A few days ago, we received an email from Jacques Revon, a wonderful character and humanist photographer. He wrote: “Dear Jean-Jacques. At a time when intolerance is gaining ground, I would simply like to invite you to take a moment and look at these pictures of a peaceful family I had the good fortune of encountering and who obligingly agreed to pose for my Rolleiflex. It was 1967; we were in the countryside, near Roanne, in the department of Loire, in France. At the time, I was apprenticed to my father as a photographer and was already sure that the most important thing in my life would be encountering others and listening and sharing in an atmosphere of mutual respect. Wouldn’t it be possible to ask in one of your upcoming posts that photographers submit images which would offer a humanist perspective on their everyday lives and which would show that people are meant to live together, rather than shut out the world around them?”

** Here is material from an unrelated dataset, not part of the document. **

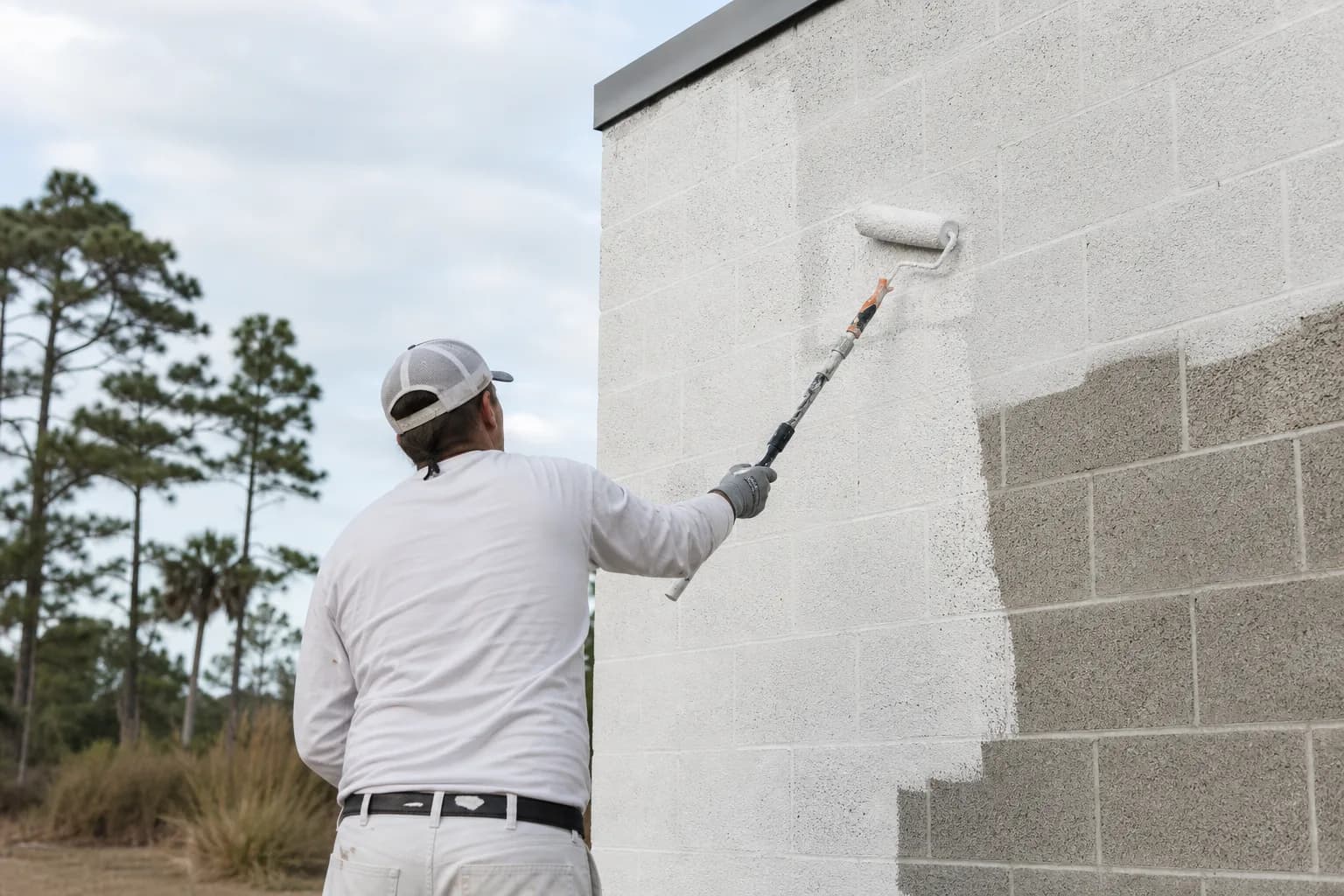 Painting a cinder block wall on a Gulf Coast building: block filler being rolled into the open pores of a CMU wall before topcoat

Jacques is absolutely right. At a time when intolerance, insolence, and fear of the other seem to triumph around us, it is our duty to open our journal to “positive humanism images .” What a beautiful idea: rallying around our passion, photography, a universal language, which, since its invention, has helped combat inequality, oppression, and injustice, and to forge a dialog between people.
We invite all photographers, amateurs and professionals alike, good and bad, non-photographers too, fat and slim, short and tall, black-, yellow-, white-, and red-skinned, homosexual, heterosexual, and transsexual, ugly and beautiful, young and old, rich and poor, conformists and outsiders, anyone and everyone who believes, like Jacques Revon, that to meet people who are different is an opportunity, we invite them to send us photographs representing humanism, understanding, and generosity, whatever the epoch, geographical location, technique, colors, or subjects.
We will publish them, together, as a collective of voices united in an appeal for tolerance.